How would you like a smartphone with a nearly 5-inch display that also fits easily in your pocket? You’ll soon be able to get just that: the Kyocera Echo has a pair of regular-size displays that can be arranged side-by-side into a tablet shape.
This device is going to debut on Sunday, April 17, but I received a demo unit yesterday. So far I haven’t had enough time to fully test out the Echo, but I’m going to go ahead and share my first impressions.
BUILD AND DESIGN
I have to give Kyocera credit for coming up with the most innovative smartphone design in a long time. The Echo isn’t like anything else on the market right now — there’s nothing even particularly close.
It has two 3.5-inch, 800 x 480 touchscreens, but these aren’t arranged into the clamshell you’d expect. Instead, there’s a unique hinge that allows the two screens to be placed very close to each other — something that wouldn’t be possible with a clamshell. This creates a 4.7-inch, 960 x 800 viewing area, albeit one with a black band through the middle of it.

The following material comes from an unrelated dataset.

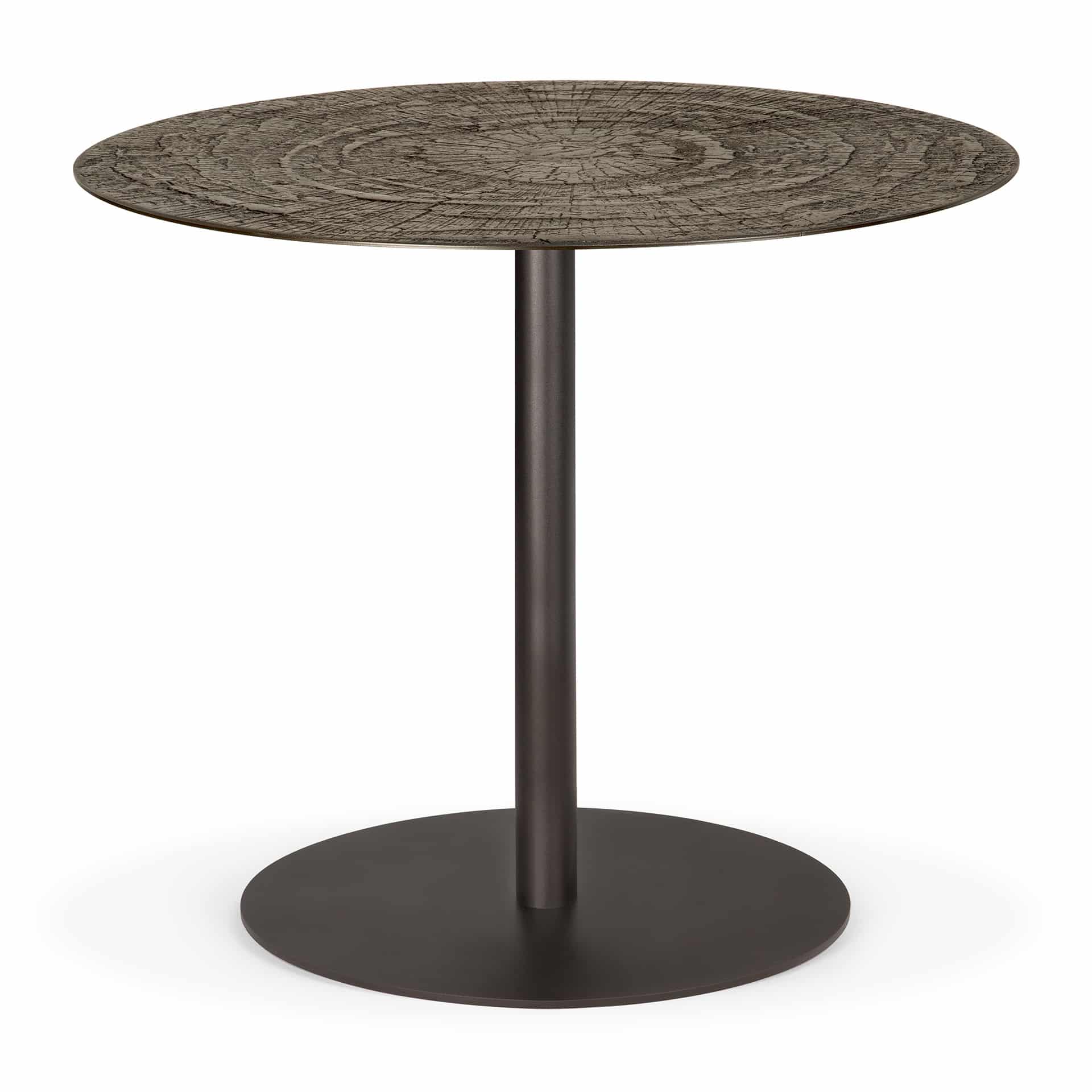25936_Blend_dining_table_varnished_Minerals_Ray_Whisky_top_round_with_base_metal_Dark_Bronze_front_cut_WEB BLEND Serisi - Görsel 1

In my preliminary testing, I’ve found this arrangement to be generally useful, though there are exceptions. Reading emails, web pages, or eBooks is fine, as I hardly notice the black stripe across the center. The same is true of using Google Maps. When you’re watching video, though, you’re going to want to confine it to one 3.5-inch display, as the black band is just too distracting.
But tablet mode isn’t your only option. You can put the Kyocera Echo into a configuration that looks a bit like a clamshell, and run two different apps on the two displays. Unfortunately, only a few apps support this. Otherwise, one program is spread across both screens.
When you want to type, one of the touchscreens becomes a large landscape-oriented keyboard that’s easy to use. You can pick the standard Android Keyboard or Swype. I prefer the standard one, and I find this to be at least as easy to type on as a physical keyboard.